🤖 AI Summary
This work addresses the real-time need for detecting human struggle—i.e., operational difficulty—in intelligent assistive systems. We propose the first online struggle anticipation framework, enabling streaming prediction of struggle events up to two seconds before occurrence. Methodologically, we design a lightweight, feature-driven end-to-end pipeline compatible with mainstream vision backbones, achieving 143 FPS feature extraction and 20 FPS full-stack real-time inference. Our key contributions are threefold: (1) moving beyond conventional offline classification, we formulate struggle recognition as an online detection and cross-task anticipation problem; (2) explicitly modeling skill evolution to enhance generalization across diverse activities (+4–20% mAP over random baselines); and (3) attaining 70–80% per-frame mAP in online detection with robust anticipation performance—meeting the dual practical requirements of low latency and cross-activity generalizability in assistive applications.
📝 Abstract
Understanding human skill performance is essential for intelligent assistive systems, with struggle recognition offering a natural cue for identifying user difficulties.

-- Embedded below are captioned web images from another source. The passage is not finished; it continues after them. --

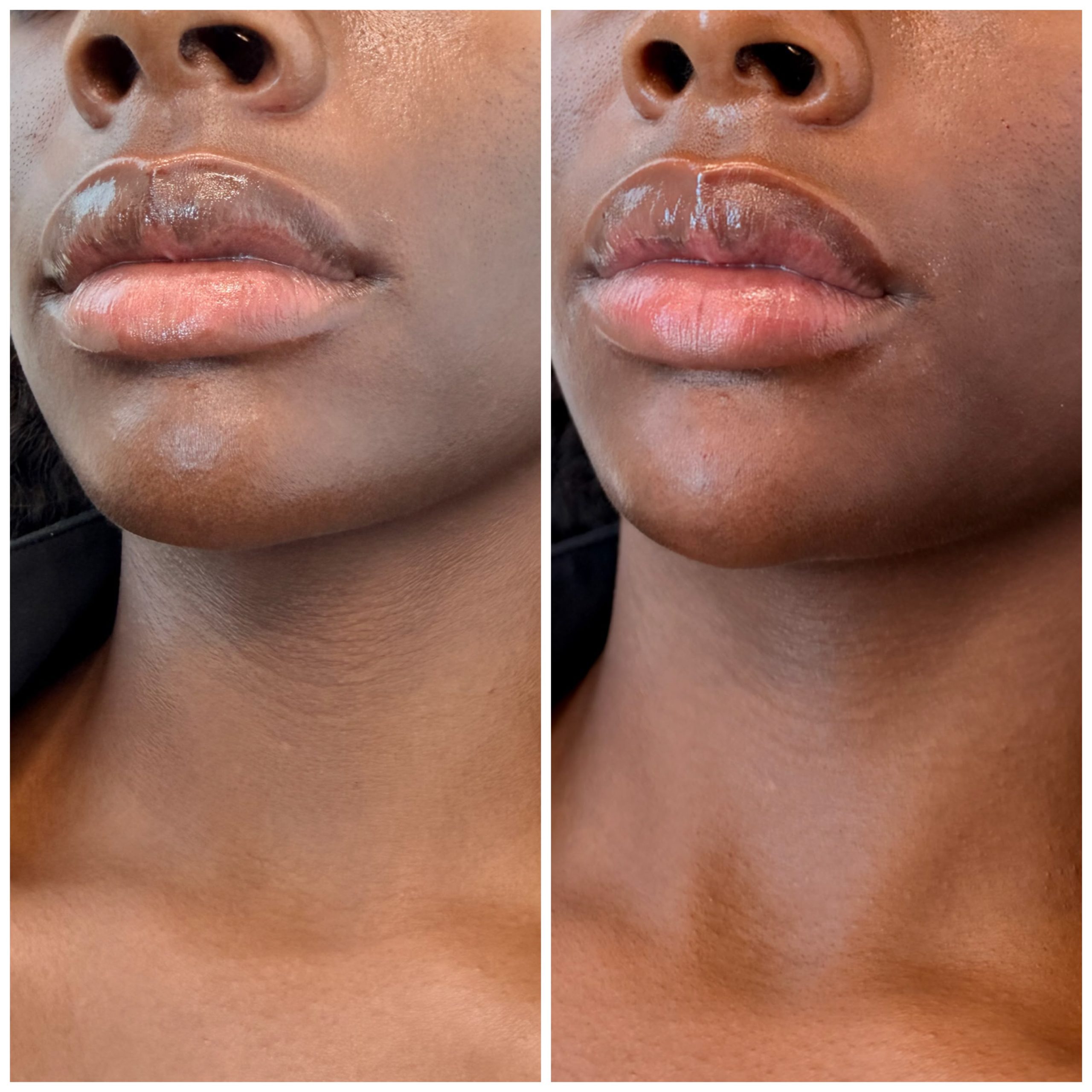 Mintus treatment before and after result 5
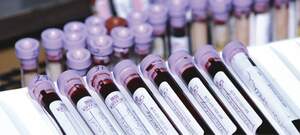 Blood sample vials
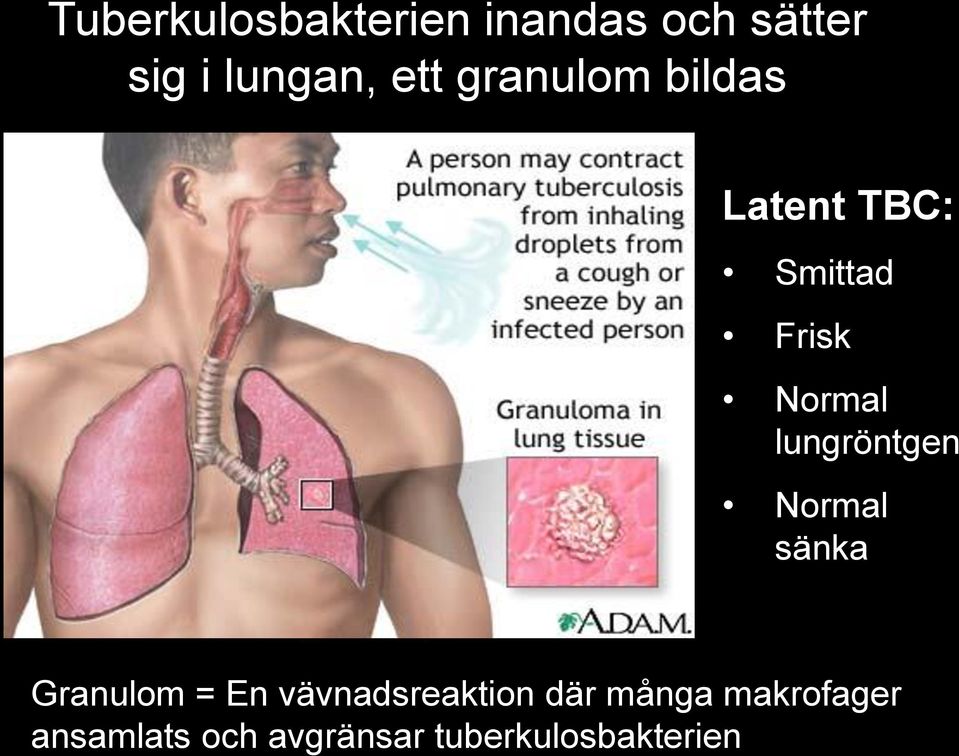 lungröntgen Normal sänka Granulom = En vävnadsreaktion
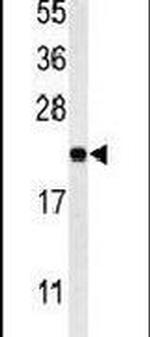 MRAP Antibody in Western Blot (WB)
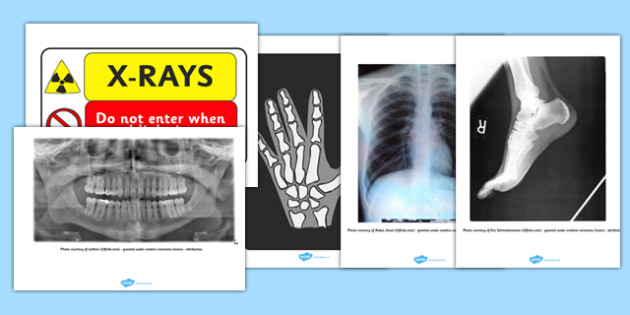 X-Ray Display Signs - Hospital Role Play, hospital resources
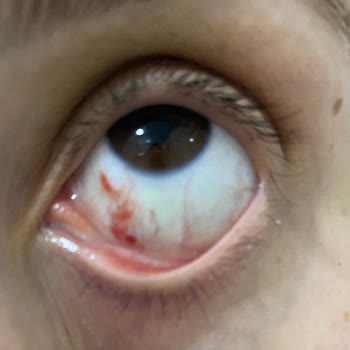 Gülay Aydoğan Beauty Memnuniyetsizliği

While prior work focuses on offline struggle classification and localization, real-time applications require models capable of detecting and anticipating struggle online. We reformulate struggle localization as an online detection task and further extend it to anticipation, predicting struggle moments before they occur. We adapt two off-the-shelf models as baselines for online struggle detection and anticipation. Online struggle detection achieves 70-80% per-frame mAP, while struggle anticipation up to 2 seconds ahead yields comparable performance with slight drops. We further examine generalization across tasks and activities and analyse the impact of skill evolution. Despite larger domain gaps in activity-level generalization, models still outperform random baselines by 4-20%. Our feature-based models run at up to 143 FPS, and the whole pipeline, including feature extraction, operates at around 20 FPS, sufficient for real-time assistive applications.